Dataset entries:
● ● ● ● ● ● ●

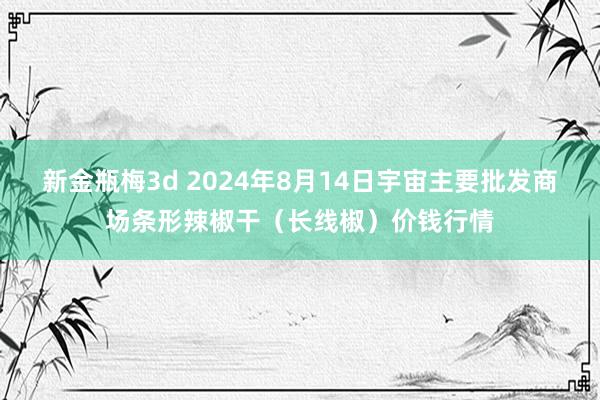 新金瓶梅3d 2024年8月14日宇宙主要批发商场条形辣椒干（长线椒）价钱行情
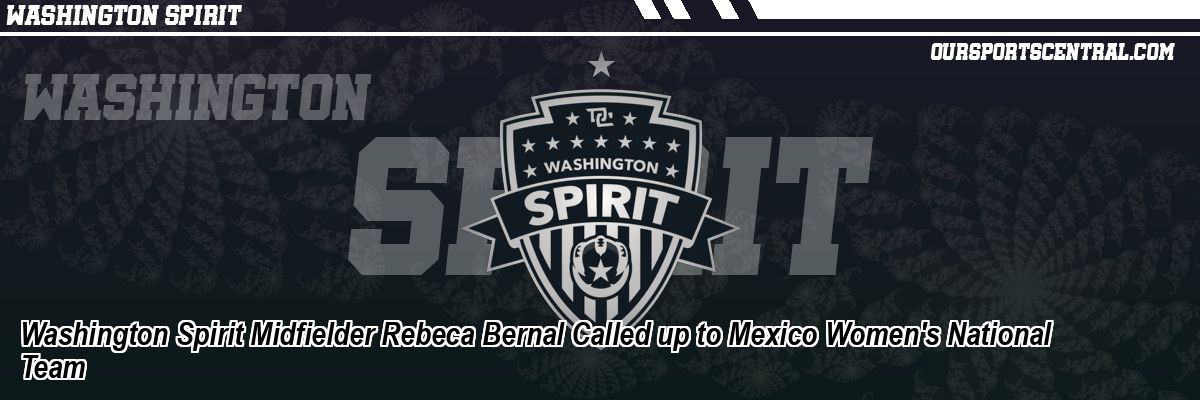 Washington Spirit Midfielder Rebeca Bernal Called up to Mexico Women's National Team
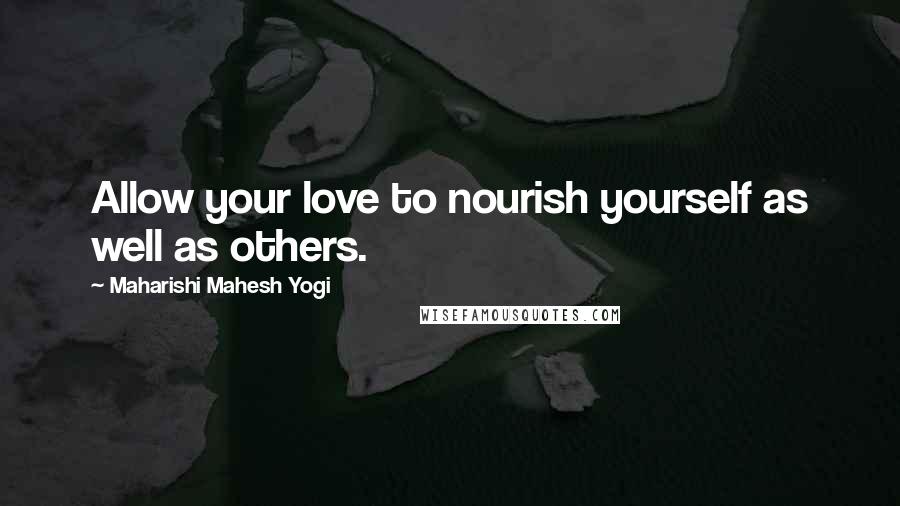 Maharishi Mahesh Yogi Quotes: Allow your love to nourish yourself as well as others.
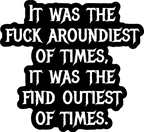 Fuck Aroundiest Times Sticker - Poppy & Vine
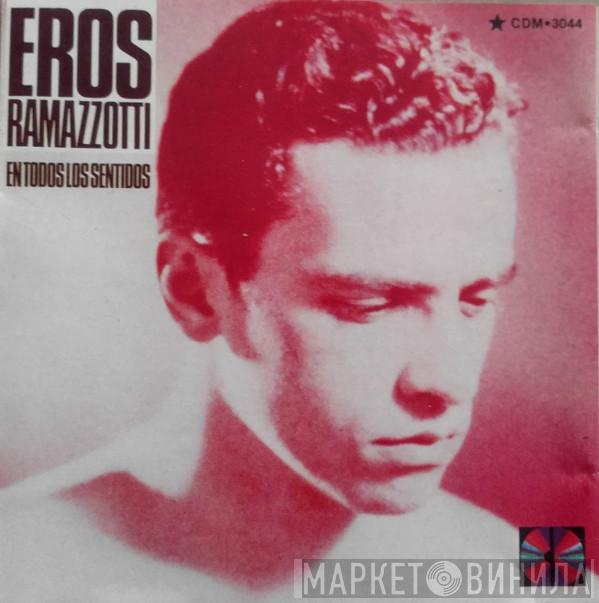  Eros Ramazzotti  - En Todos Los Sentidos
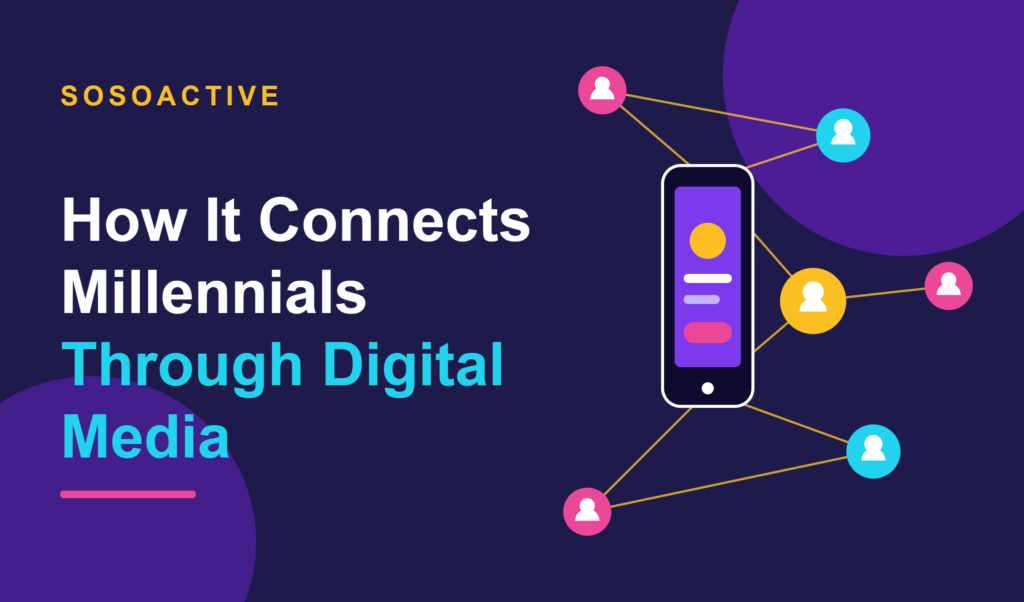 Sosoactive: How It Connects Millennials Through Digital Media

● ● ● ● ● ● ●

### What you are asked to do
Repeat the records word for word. Leave out whatever pictures they hold.

### Solved problem
 新金瓶梅3d 2024年8月14日宇宙主要批发商场条形辣椒干（长线椒）价钱行情
 Washington Spirit Midfielder Rebeca Bernal Called up to Mexico Women's National Team
 Maharishi Mahesh Yogi Quotes: Allow your love to nourish yourself as well as others.
 Fuck Aroundiest Times Sticker - Poppy & Vine
  Eros Ramazzotti  - En Todos Los Sentidos
 Sosoactive: How It Connects Millennials Through Digital Media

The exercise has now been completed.